Une bonne partie du plan du ministre des Finances Jim Flaherty pour rétablir l'équilibre budgétaire se fera sur le dos de l'aide internationale. La décision, comme on s'en doute, a provoqué de vives critiques dans les milieux intéressés.

Pourtant, l'enveloppe de l'aide internationale du Canada atteindra cinq milliards par année pendant les cinq prochaines années, ce qui est quand même beaucoup d'argent.

Qu'en est-il au juste? Le Canada, en matière d'aide internationale, en fait-il trop, ou pas assez?

D'abord, il faut savoir que le budget de la semaine dernière complète une promesse faite en 2002 par le ministre des Finances de l'époque, Paul Martin. Celui-ci s'était engagé à doubler le budget de l'aide internationale en huit ans. Effectivement, ce budget est passé de 2,5 milliards en 2002 à cinq milliards avec le budget Flaherty. C'est certainement un bel effort.

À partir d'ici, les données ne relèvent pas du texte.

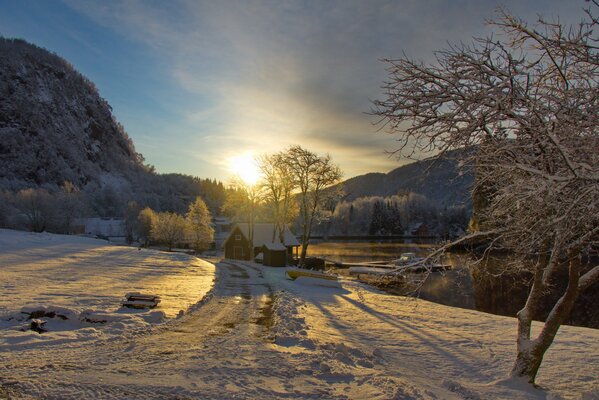 Sonnenuntergang und Berge. Verschneite Straße zum Haus am Fluss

Le problème, c'est qu'à partir de l'an prochain, l'enveloppe sera gelée au moins jusqu'en 2015. Les dernières projections du gouvernement faisaient état d'une augmentation annuelle automatique de 8%. En supprimant cette hausse et en gelant les budgets, Ottawa épargnera 4,5 milliards en cinq ans.

D'autre part, le Canada n'est pas le seul pays riche à sabrer dans son budget d'aide internationale. Aux prises avec des difficultés économiques et financières importantes, plusieurs pays ont sabré là où c'est le plus facile: dans l'aide internationale.

En 2005, à la suite du sommet du G8 à Gleneagles (Écosse), les pays membres du Comité d'aide au développement (un organisme comprenant 22 pays riches, et chapeauté par l'Organisation de coopération et de développement économiques) se sont engagés à augmenter substantiellement leur enveloppe d'aide avant 2010. Nous sommes rendus en 2010 et la France, l'Allemagne, l'Autriche, le Portugal, la Grèce et l'Italie n'ont pas atteint leurs objectifs. «Même si une majorité de pays respectera ses engagements, note une récente étude de l'OCDE, les résultats insatisfaisants de plusieurs grands donneurs signifient qu'il y aura un manque à gagner significatif en 2010.»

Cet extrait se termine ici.